Figure 2 shows an example of URL characteristics for the weight.
Figure 2.
Tokenization of URL characteristics and components for the weight calculation.
Figure 2.
Tokenization of URL characteristics and components for the weight calculation.
The first component of the URL is a protocol (https, http, ftp, etc.), which is a set of rules that regulates how data is transported from data transmission. The second component is the location of the host IP address or resource. The hostname is separated into two parts: major domains and top-level domains (TLD). The URL′s hostname is comprised of the principal domain and the TLD. The hostname is followed by a port number, which is optional. The third component uses the path to identify the specific resource inside the domain accessed by a user. An optional field, such as inquiry, follows the path. The protocol, hostname, and URL path are appended to the base URL. The combination of the second domain and top-level domain names, known as the host domain, makes the URL unique. As a result, cybersecurity firms are working hard to identify the fraudster websites used for phishing offenses by name. If a hostname is designated as phishing, an IP address can be banned to prevent it from accessing the web pages included within it.
It has the following sub-features, according to the dataset:
IP Address: If an IP address is used instead of a domain name in the URL of a phishing website, the client may virtually be certain that someone is attempting to steal his credentials. From this dataset, 570 URLs with an IP address were discovered, accounting for 22.8 percent of the dataset, and a rule IP address is in URL that is termed Phishing; otherwise, it is Legitimate was suggested.
Operate the @ Symbol: Web browsers usually ignore the section preceded by the @ sign. Because it is maintained separately from real-world addresses, finding 90 URLs with the ′@′ sign will provide just 3.6 percent of the total, according to the dataset.
Operate the "//" symbol: As valid URLs, the "//" sign is used after HTTP or HTTPS. If the URL changes after the initial protocol declaration, it is called a phishing URL. The "//" sign is used to redirect to other websites.
Domain name prefixes and suffixes separated by the "-" sign: A URL with the "-" sign in its domain name is a phishing URL. In general, verified URLs do not include the "-" sign.
Use the "." sign in the domain: Use the "." sign in the domain. Adding a sub-domain with the domain name must include the dot. Consider it suspect if you drop out more than one subdomain, and anything greater than that will indicate phishing.

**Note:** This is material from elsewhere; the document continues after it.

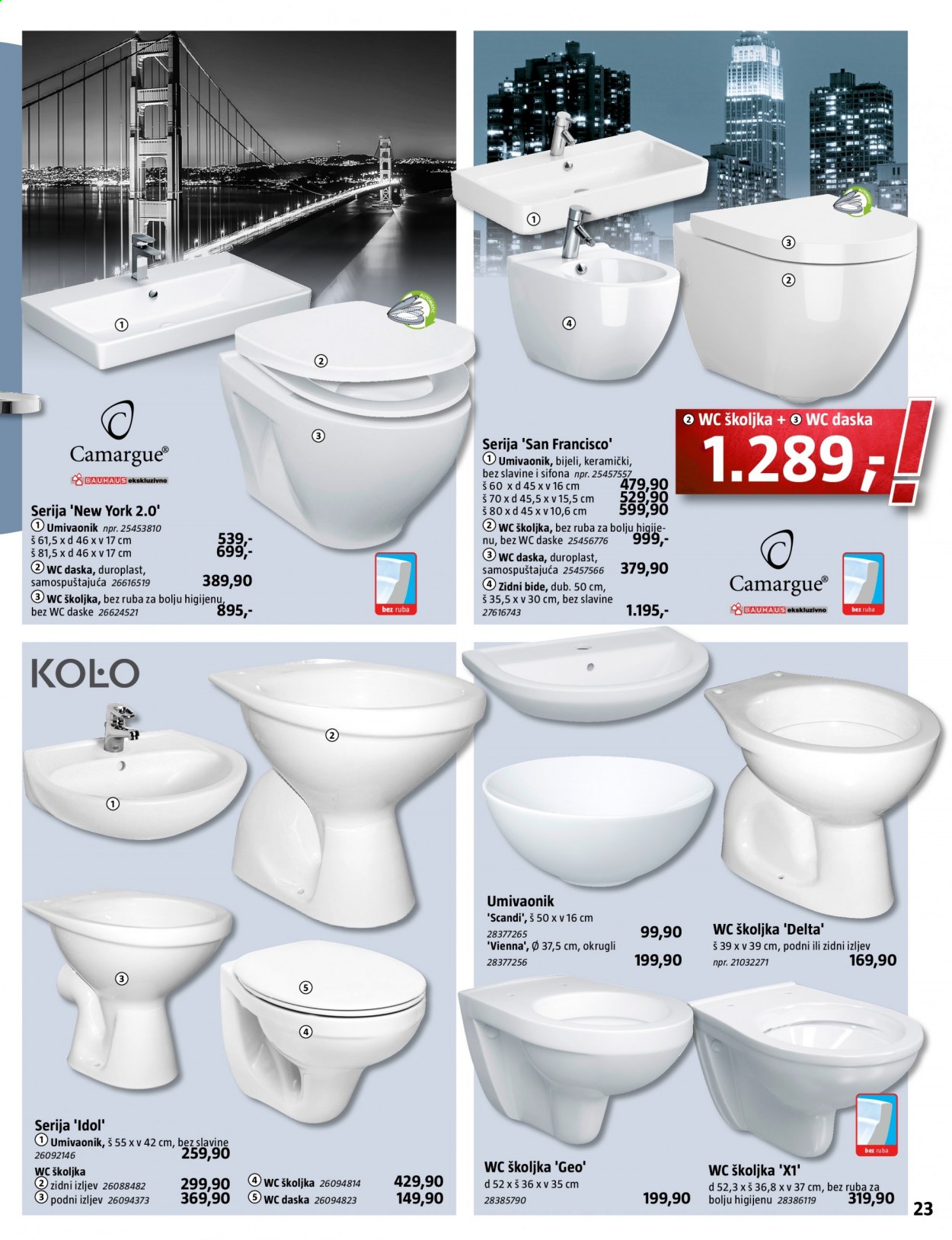 Bauhaus katalog - 01.04.2021. - 28.04.2021. Stranica 23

HTTPS (secure socket layer): The majority of legal sites use the HTTPS protocol. Therefore, the age of the certificate is quite important when utilizing HTTPS. This necessitates the use of a trustworthy certificate.
Favicon: A favicon might redirect clients to dubious sites when layered from outside space. It is mainly used on websites and is a graphic picture.

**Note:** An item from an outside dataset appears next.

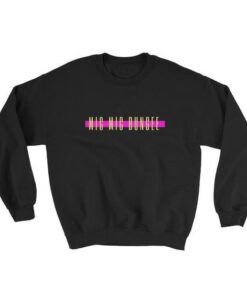 BTS Mic Mic Bungee Sweatshirt 1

3.2.2. Character Level Features
Term Frequency-Inverse Document Frequency is abbreviated as TF-IDF. The TF-IDF score indicates a term′s relative significance in the document and throughout the whole corpus. The TF-IDF score is made up of two terms: the first computes the normalized Term Frequency (TF), and the second computes the Inverse Document Frequency (IDF), which is calculated as the logarithm of the number of documents in the corpus divided by the number of documents in which the specific term appears [
49,
50].
TF-IDF Vectors may be produced at many levels of input tokens (words, characters, n-grams):
Word level TF-IDF: A matrix indicating the TF-IDF scores of each term in distinct texts.
Character level TF-IDF: A matrix indicating the TF-IDF scores of character-level n-grams in the corpus.
N-gram level TF-IDF: N-grams are the collection of N terms. This matrix indicates the TF-IDF scores of N-grams.
It should be mentioned that TF-IDF has been used in numerous studies to identify website phishing by examining URLs [
25] to get indirectly related connections, target websites, and the validity of suspicious websites [
49]. TF-IDF retrieves prominent keywords from the textual content. However, it has certain limitations. One of the limitations is that the approach fails when extracting misspelled terms. Because the URL might contain nonsensical words, it used a character-level TF-IDF method with a maximum feature count of 5000.
Furthermore, we have measured the URL strings as character sequences by employing the idea from the literature [
51]. This idea provides the advantage that the proposed model can train the URL character sequences as natural features that do not need prior feature knowledge to be learned by our proposed model. Our proposed AntiPhishStack model uses the stack generalization model to extract the local URL features from the URL character sequences, and finally, the URL will be classified by designing a meta classifier for final prediction.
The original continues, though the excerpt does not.